Selama ini kaum santri atau komunitas pesantren, khususnya yang bercorak tradisional, selalu dipahami secara kultural. Termasuk dalam hal ini adalah pendapat Gus Dur yang mengatakan pesantren sebagai suatu “subkultur”. Dalam pengertian ini, kaum santri dilihat hanya sebagai kelompok sosial khas yang dengan tradisinya mampu bertahan di tengah arus modernitas.
Pemahaman yang fungsionalistik tersebut justru semakin menguat di era kebangkitan agama sekarang ini. Khususnya lagi di saat dunia modern terancam oleh terorisme, kaum santri diromantisasi sedemikian rupa sebagai benteng NKRI. Acara-acara bertajuk Islam dan kebangsaan marak diselenggarakan di mana kaum santri tampil sebagai juru bicara utamanya.
Secara internal, kaum borjuis santri sendiri memang senang dengan pemahaman seperti itu. Diakui sebagai kelompok yang tercerahkan, mereka merasa duduk sejajar dengan para sejawat sekuler-modernisnya. Mereka bangga ternyata tradisi yang diwariskan oleh para leluhurnya kompatibel dengan kemajuan zaman.
Akan tetapi, jarang dipahami bahwa pendapat kaum santri atau komunitas pesantren sebagai “subkultur” hanyalah separuh cerita. Kenyataan bahwa sejak dulu hingga sekarang sebagian besar mereka tetap menduduki kelas “prekariat” dalam tatanan masyarakat kapitalis hampir tidak pernah terungkap. Inilah yang terjadi sebagai akibat absennya analisis kelas dalam kajian NU yang ditulis oleh saya kemarin.
“Prekariat” merujuk pada kelas dalam tatanan masyarakat kapitalis yang sangat rentan. Pada umumnya mereka adalah para pekerja paruh waktu atau wiraswastawan musiman yang pendapatan hidupnya per bulan terkadang tidak cukup untuk memenuhi kebutuhan dasar.
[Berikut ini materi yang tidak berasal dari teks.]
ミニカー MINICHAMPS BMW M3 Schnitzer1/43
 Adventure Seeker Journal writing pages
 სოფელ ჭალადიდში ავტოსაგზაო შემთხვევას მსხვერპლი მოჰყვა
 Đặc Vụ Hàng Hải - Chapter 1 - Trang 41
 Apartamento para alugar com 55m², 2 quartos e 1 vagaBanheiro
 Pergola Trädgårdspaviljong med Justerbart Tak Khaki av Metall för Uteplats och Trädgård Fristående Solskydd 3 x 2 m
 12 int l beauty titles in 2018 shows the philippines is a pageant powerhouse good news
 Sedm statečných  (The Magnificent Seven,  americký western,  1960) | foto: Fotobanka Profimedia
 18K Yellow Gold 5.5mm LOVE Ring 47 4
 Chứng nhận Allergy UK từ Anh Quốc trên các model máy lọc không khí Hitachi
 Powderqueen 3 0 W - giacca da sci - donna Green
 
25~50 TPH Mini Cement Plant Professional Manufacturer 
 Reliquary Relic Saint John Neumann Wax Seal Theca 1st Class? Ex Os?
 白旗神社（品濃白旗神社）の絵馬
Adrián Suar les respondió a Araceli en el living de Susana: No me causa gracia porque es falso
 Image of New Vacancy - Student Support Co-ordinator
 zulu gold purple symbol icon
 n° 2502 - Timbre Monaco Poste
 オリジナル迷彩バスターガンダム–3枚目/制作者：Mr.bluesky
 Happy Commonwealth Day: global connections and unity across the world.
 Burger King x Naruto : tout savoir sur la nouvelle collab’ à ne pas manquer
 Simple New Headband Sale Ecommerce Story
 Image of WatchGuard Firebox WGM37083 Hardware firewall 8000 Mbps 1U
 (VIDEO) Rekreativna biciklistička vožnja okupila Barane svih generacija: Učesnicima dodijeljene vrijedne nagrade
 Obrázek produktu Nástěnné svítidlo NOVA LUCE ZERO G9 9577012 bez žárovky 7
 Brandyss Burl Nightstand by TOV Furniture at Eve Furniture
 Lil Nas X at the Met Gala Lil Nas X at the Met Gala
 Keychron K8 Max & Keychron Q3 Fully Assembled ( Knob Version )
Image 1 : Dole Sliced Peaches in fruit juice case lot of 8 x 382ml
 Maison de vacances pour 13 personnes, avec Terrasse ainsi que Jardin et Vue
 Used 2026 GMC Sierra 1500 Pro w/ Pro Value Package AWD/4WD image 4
Di saat krisis mereka tergantung pada kebaikan hati orang kaya, termasuk zakat-infak-sedekah, dan bantuan sosial pemerintah.
Saya melihat sebagian besar kaum santri tradisional yang rajin tahlilan dan ziarah kubur itu adalah kelas prekariat. Hidup mereka ngos-ngosan. Tidak jarang mereka mencari utangan untuk membayar kontrakan atau mengisi pulsa token PLN yang mahal.
Kenyataan mengenai santri prekariat ini tertutupi oleh gemerlap teori-teori multikulturalisme. Para akademisi hanya tertarik menuliskan ritual atau ekspresi keagamaan mereka yang unik, tetapi seolah enggan menceritakan kesusahan mereka dalam bertahan hidup sehari-hari. Inilah yang terjadi ketika ilmu-ilmu sosial dan humaniora terbelit kapital, sehingga lebih mencurahkan perhatiannya pada dimensi kultural daripada dimensi sosial-ekonomi dari masyarakat yang ditelitinya.
Saya membayangkan andaikan pengertian santri sebagai kelas “prekariat” ini disampaikan di acara-acara Madrasah Kader NU (MKNU), pasti luar biasa. Setidaknya para santri bisa lebih kritis terhadap pujian yang selama ini disematkan kepada mereka sebagai kaum moderat. Apalah artinya moderat kalau masih susah mencari uang untuk bayar sekolah anak.